▶ _Exercise instructions_
Without including any images, repeat the listing below exactly.

══ Exercise materials ══

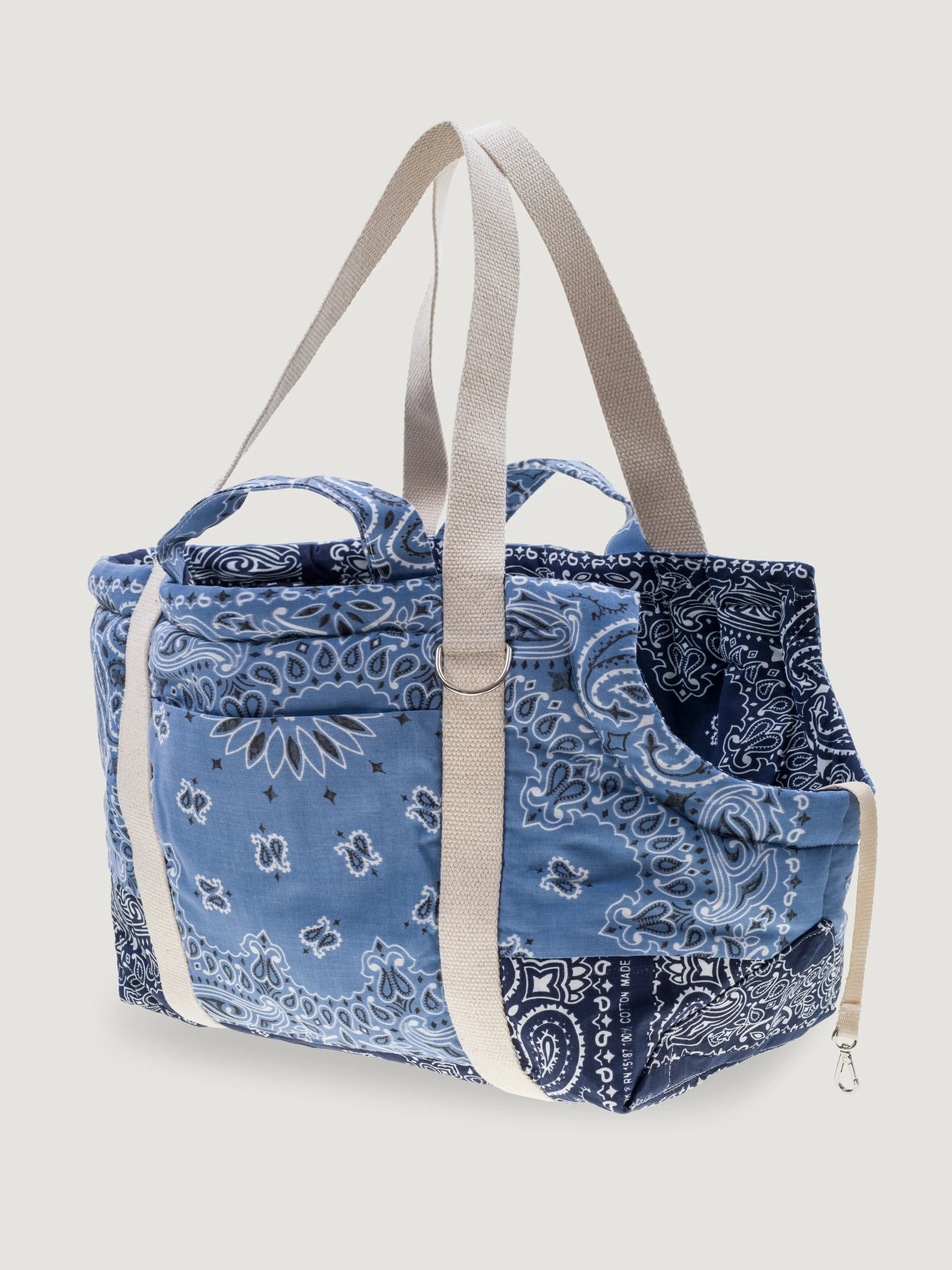 Dog Bag - Chambray / Navy 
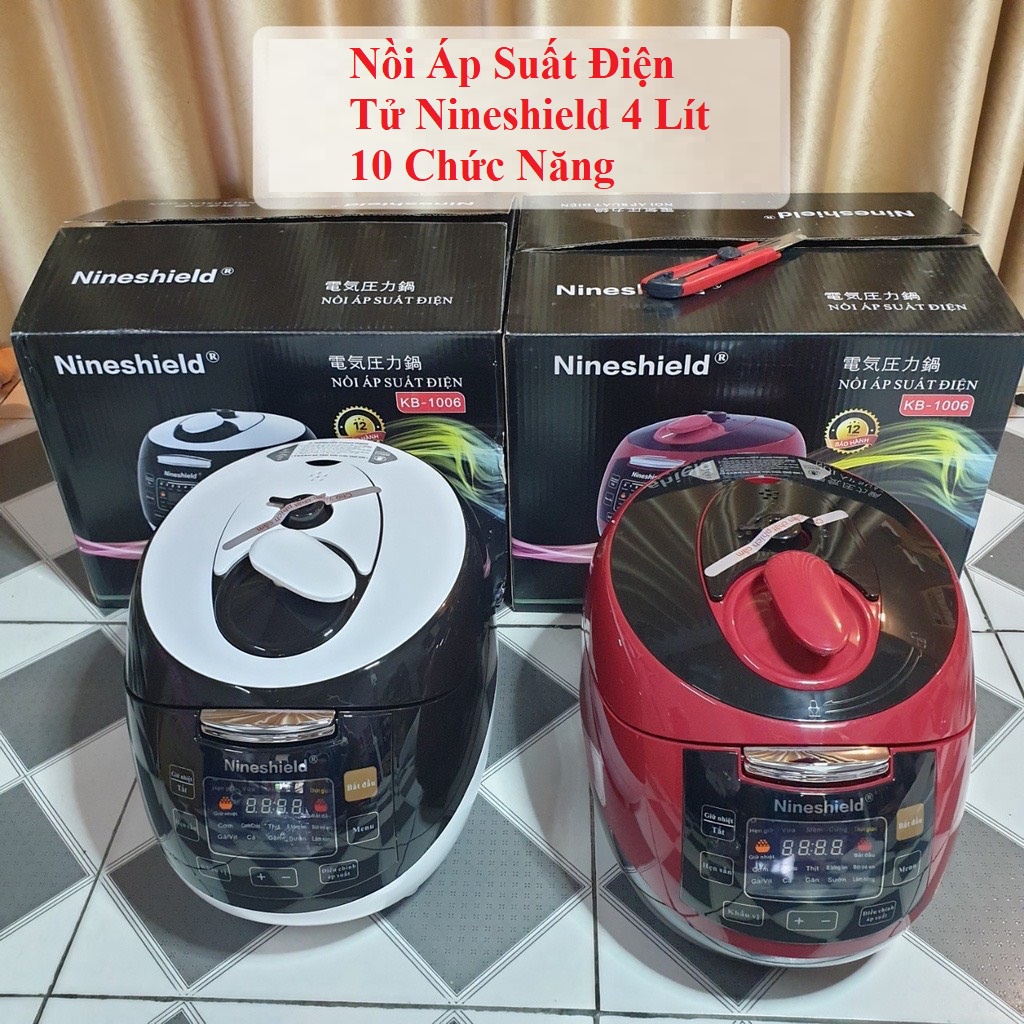 Nồi Áp Suất Đa Năng Nineshield KB-1006/ KB-618 Dung Tích 4 Lít Chính Hãng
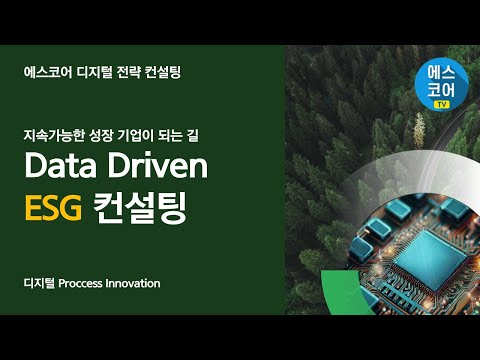 데이터 기반 ESG 디지털 전략 컨설팅 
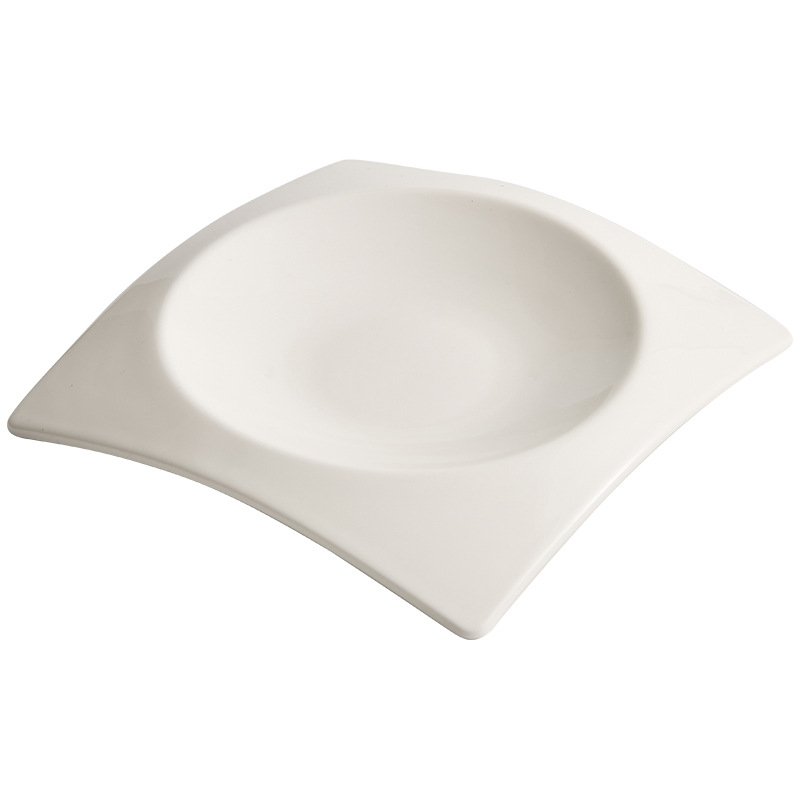 Đĩa gốm, món ăn cao cấp, món ăn nghệ thuật, đĩa canh đậm đặc sáng tạo, đĩa gia dụng, đĩa ăn cao cấp nhà hàng khách sạn, đĩa tròn bên trong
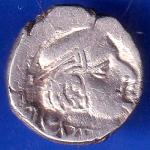 Ancient India Kshatrap Dynasty Kings Portrait Silver Coin ANH2180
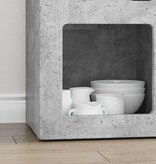 VidaXL Dressoir Beton Grijs 59 x 35 x 80.5 cm Bewerkt hout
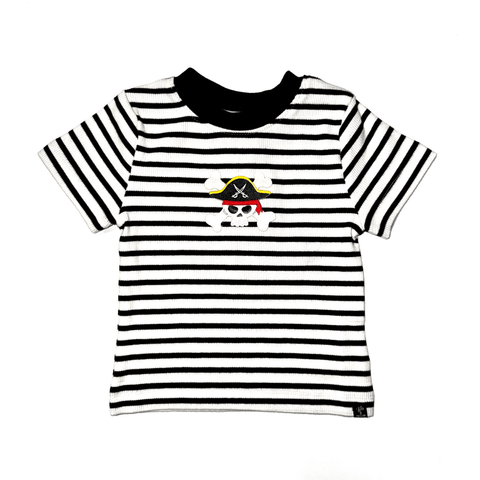 Black Stripe Jolly Roger T-Shirt - Molly and Max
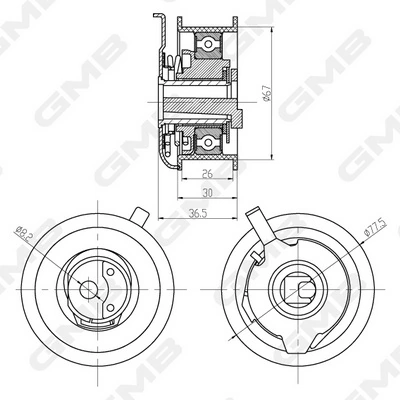 Do koszyka Rolka napinacza paska rozrządu Volkswagen Vento  1H2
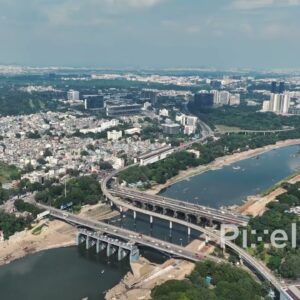 PD0461 - Pune's Riverfront Development with Bund Garden Bridges and Metro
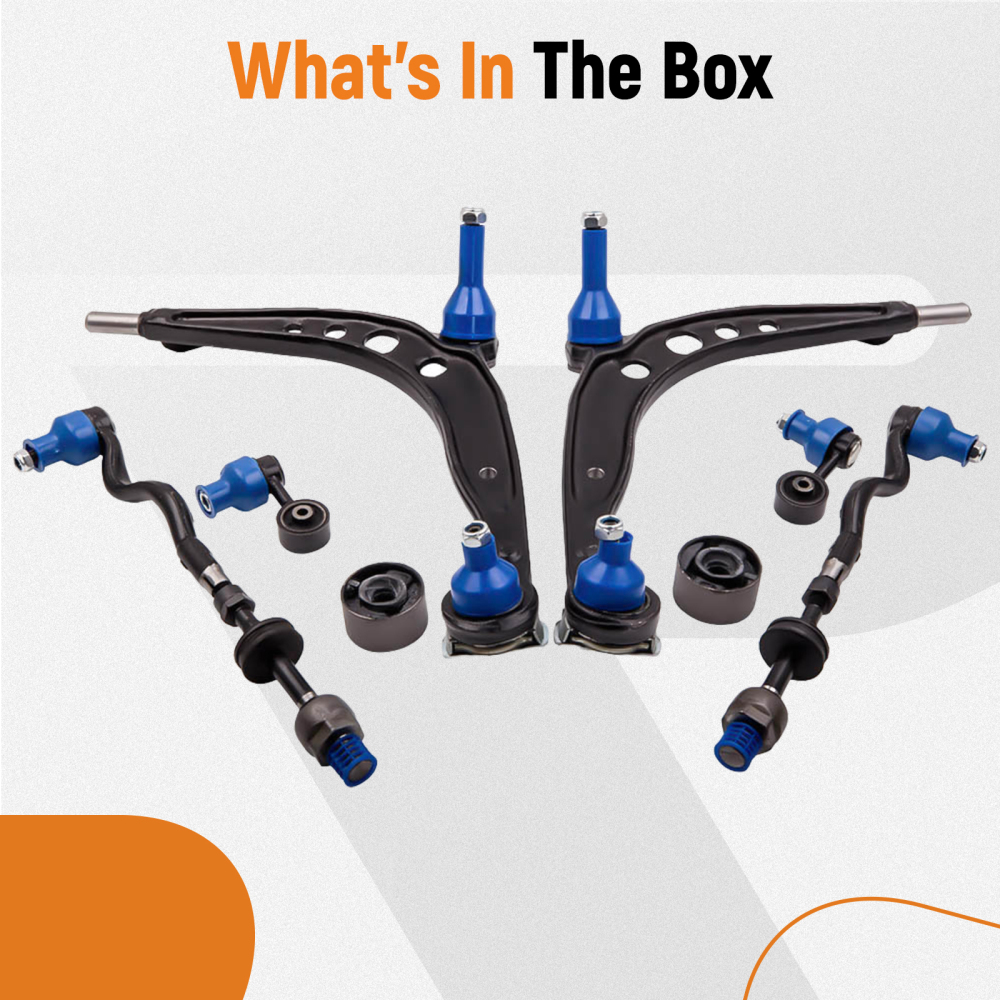 Front Suspension Wishbone Control Arms Kit compatible for BMW 3 SERIES Z3 E36 1990-2003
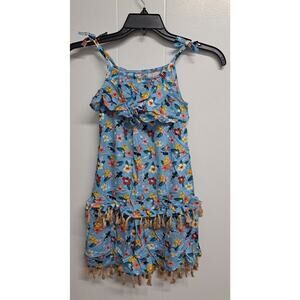 Kinderkind Little Girls Sleeveless Hibiscus‎ Dress Size 7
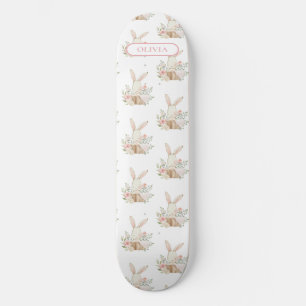 Skate Coelho Coelhinho Mole Personalizado Floral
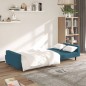 vidaXL Sofá cama de 2 plazas terciopelo azul vidaXL Sofá cama de 2 plazas terciopelo azul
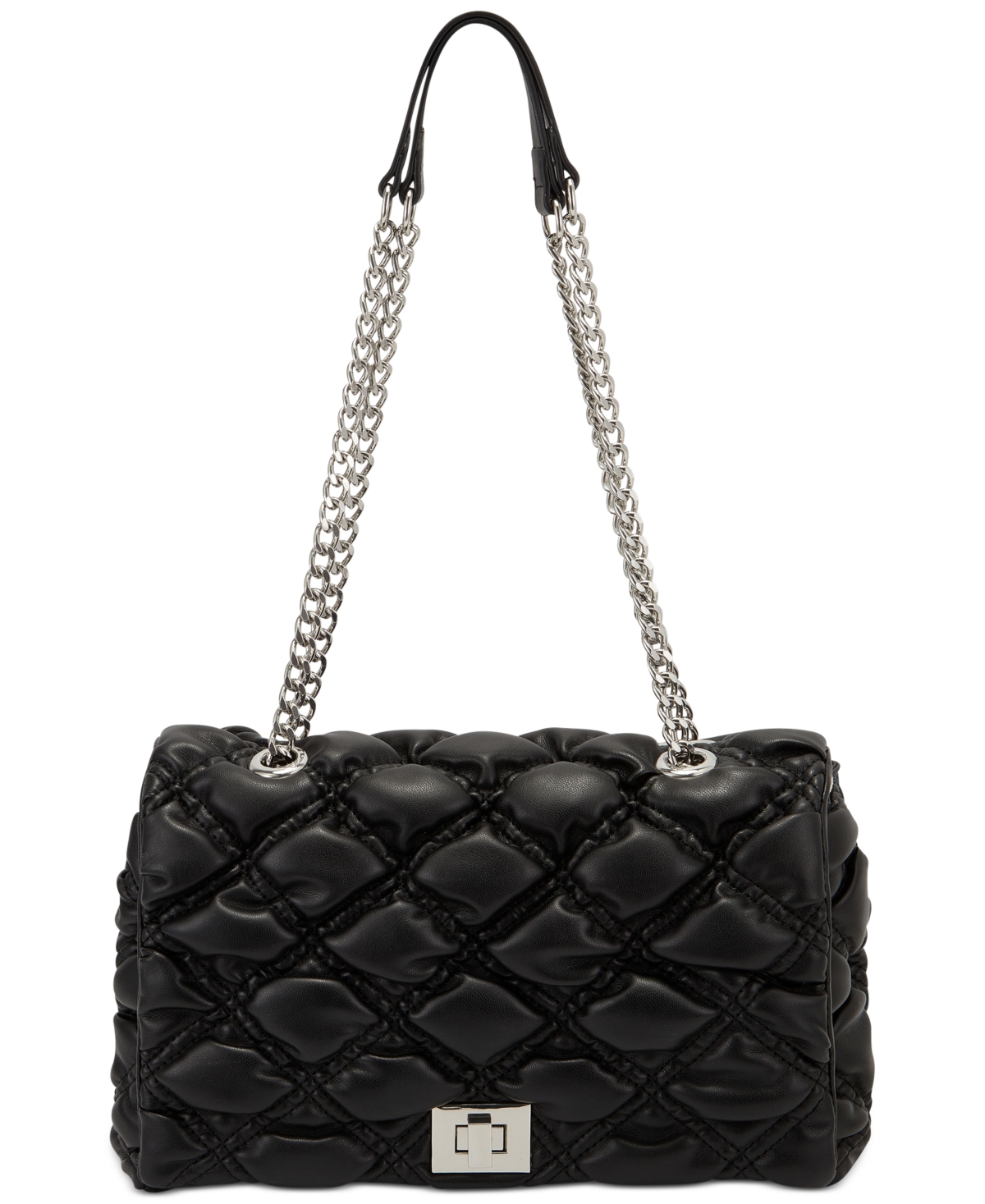 Inc International Concepts Soft Ajae Puffy Quilted Shoulder Bag, Created For Macy's In Black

═══

▶ _Reply_
 Dog Bag - Chambray / Navy 
 Nồi Áp Suất Đa Năng Nineshield KB-1006/ KB-618 Dung Tích 4 Lít Chính Hãng
 데이터 기반 ESG 디지털 전략 컨설팅 
 Đĩa gốm, món ăn cao cấp, món ăn nghệ thuật, đĩa canh đậm đặc sáng tạo, đĩa gia dụng, đĩa ăn cao cấp nhà hàng khách sạn, đĩa tròn bên trong
 Ancient India Kshatrap Dynasty Kings Portrait Silver Coin ANH2180
 VidaXL Dressoir Beton Grijs 59 x 35 x 80.5 cm Bewerkt hout
 Black Stripe Jolly Roger T-Shirt - Molly and Max
 Do koszyka Rolka napinacza paska rozrządu Volkswagen Vento  1H2
 PD0461 - Pune's Riverfront Development with Bund Garden Bridges and Metro
 Front Suspension Wishbone Control Arms Kit compatible for BMW 3 SERIES Z3 E36 1990-2003
 Kinderkind Little Girls Sleeveless Hibiscus‎ Dress Size 7
 Skate Coelho Coelhinho Mole Personalizado Floral
 vidaXL Sofá cama de 2 plazas terciopelo azul vidaXL Sofá cama de 2 plazas terciopelo azul
 Inc International Concepts Soft Ajae Puffy Quilted Shoulder Bag, Created For Macy's In Black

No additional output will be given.